Specifically, Toyo argues that the basis for Daniel's opinion that D&K would have bought any more Trail Blade M/T tires or carried the product at all of its locations is contradicted by King's testimony that it would have been impossible to know if D&K would have continued to buy the tire without accounting for other factors. Toyo also contends that Daniel did not consider what Atturo could have done to mitigate its damages. These are subjects of cross-examination. “Vigorous cross-examination, presentation of contrary evidence, and careful instruction on the burden of proof are the traditional and appropriate means of attacking shaky but admissible evidence.” Daubert, 509 U.S. at 596; see also United States v. Dingwall, 2021 WL 3238848, at *13 (7th Cir. July 30, 2021) (“the judge acting as a gatekeeper must take care not to take over the role of a jury in weighing evidence and deciding the credibility of testimony.”).

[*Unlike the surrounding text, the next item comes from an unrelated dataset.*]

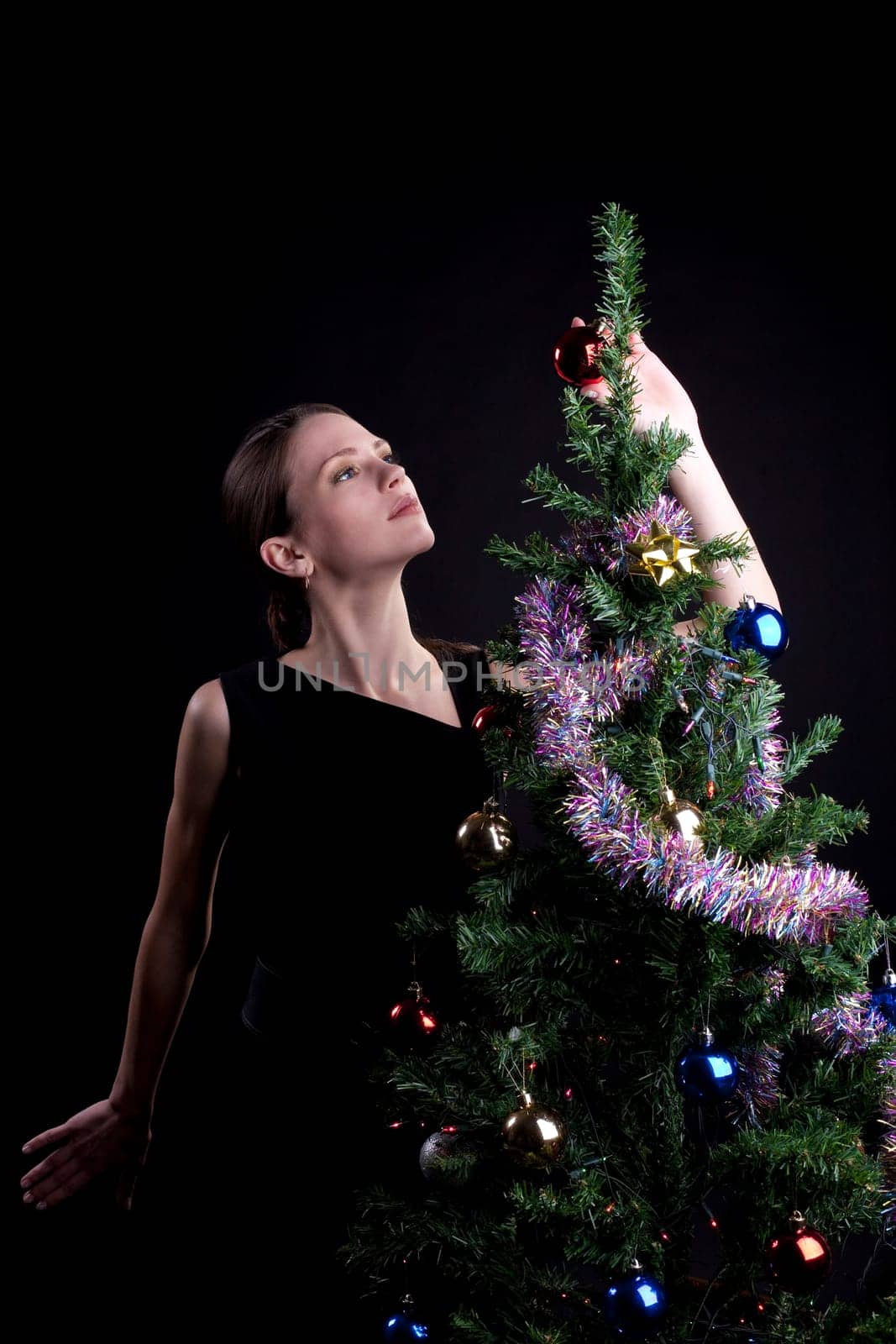 Young beauty woman decorate christmas tree with balls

Toyo also faults Daniel for relying on the speculative testimony of Atturo President Mathis to conclude that D&K would not have bought other tires from Atturo if it could not buy the Trail Blade M/T. However Daniel noted that the data showed D&K did not place orders for any non-Trail Blade M/T tire after the date of the D&K Settlement Agreement and this was consistent with Mathis's testimony. (Daniel Rep. p.11). Similarly Daniel performed calculations using data from his D&K Reference Customers which showed customers buying both Trail Blade M/T and non-Trail Blade M/T tires. Daniel found his data was consistent with Mathis's and King's testimony. Arguments that Daniel should have relied on more or different information can be tested at trial. See Manpower, Inc., 732 F.3d at 808 (the “reliability of data and assumptions used in applying a methodology is tested by the adversarial process and determined by the jury.”); see also Loeffel Steel Prod., Inc. v. Delta Brands, Inc., 372 F.Supp.2d 1104, 1119 (N.D. Ill. 2005) (“As a general rule, questions relating to the bases and sources of an expert's opinion affect only the weight to be assigned that opinion rather than its admissibility.”).

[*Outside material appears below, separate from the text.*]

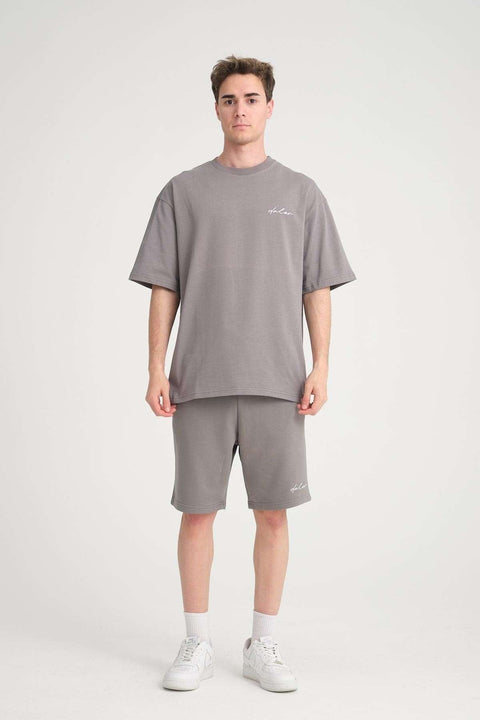 1. Man in grey oversized t-shirt and matching sweat shorts with logo, standing in studio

Toyo relies on a non-binding decision from the Eastern District of Pennsylvania that barred an expert from testifying, JMJ Enterprises, Inc. v. Via Veneto Italian Ice, Inc., 1998 WL 175888 (E.D. Pa. Apr. 15, 1998), aff'd, 178 F.3d 1279 (3d Cir. 1999). In that case the expert “knew very little about [plaintiff's] industry”, did not review any market surveys, and “did very little to verify his sales projection.” By contrast, Toyo does not argue that Daniel lacks knowledge about the tire industry. Nor does Toyo take issue with Daniel's selection of Reference Customers. Daniel specifically explained how he determined which customers would be D&K Reference Customers and the data he analyzed.

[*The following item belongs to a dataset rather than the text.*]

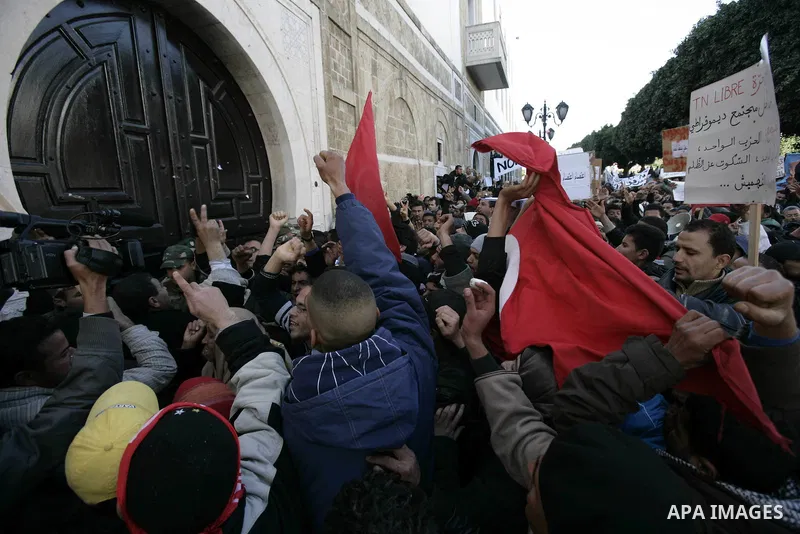 Tunisian protestors prepare to break into the barbed wire during a demonstration to demand a new government free of officials of the ousted regime of former president Zine el Abidine Ben Ali, in central Tunis, Tunisia, 2...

b. Toyo's Declaration by Mr. de Gyarfas

Attached to Toyo's motion is a declaration by its attorney (Dkt. 415-1). In his declaration attorney de Gyarfas states, “I directed that an analysis of Atturo's sales database, document ATC 042081, which is a large spreadsheet be conducted. The results of that analysis are that 62 of Atturo's customers did not buy TBMT tires, and 102 of Atturo's customers did buy TBMT tires.” (de Gyarfas Decl. ¶3). Atturo argues this is an improper and untimely attempt to rebut Mr. Daniel's report by relying on an undisclosed “analysis” performed by its own counsel. In its reply brief, instead of responding to Atturo's argument that the Court should not consider the declaration, Toyo again relies on it and provides another declaration by de Gyarfas, attaching the spreadsheet referred to in his first declaration and a “list of purchasers who did not purchase TMBT tires.” (Dkt. 476-1).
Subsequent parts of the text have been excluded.